ASSIGNMENT: Could the data below be copied exactly, minus the pictures?

DATA SEGMENT:
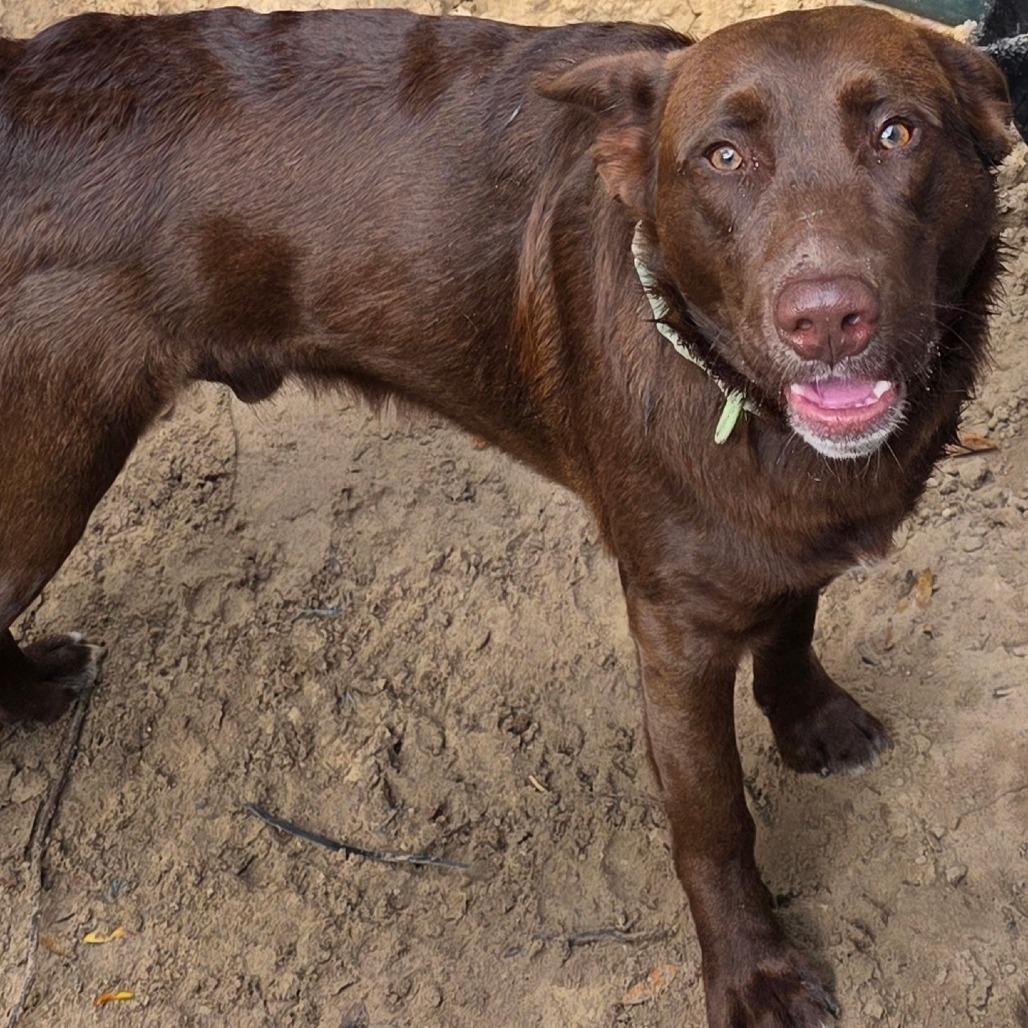 Enlarge Teddy, a Adoptable mixed breed in Sarasota, FL image 2/2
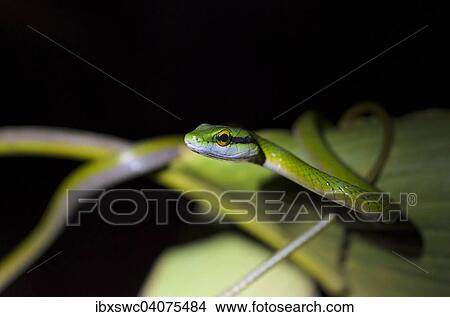 Picture - "Lora or Parrot Snake (Leptophis ahaetulla), Puntarenas Province, Costa Rica, North America". Fotosearch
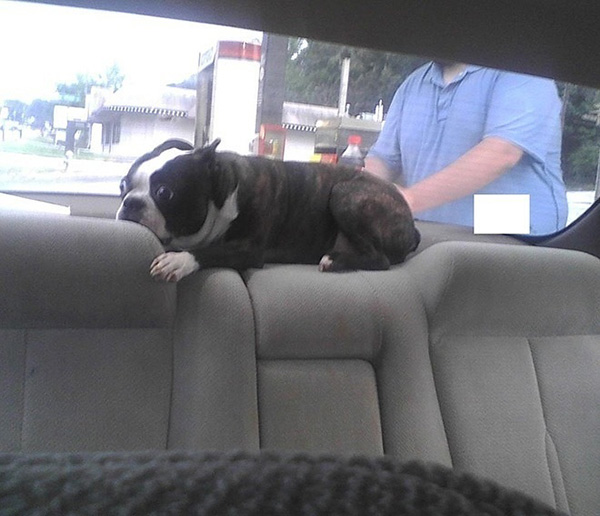 dogs realize theyre going to the vet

ANSWER AREA:
 Enlarge Teddy, a Adoptable mixed breed in Sarasota, FL image 2/2
 Picture - "Lora or Parrot Snake (Leptophis ahaetulla), Puntarenas Province, Costa Rica, North America". Fotosearch
 dogs realize theyre going to the vet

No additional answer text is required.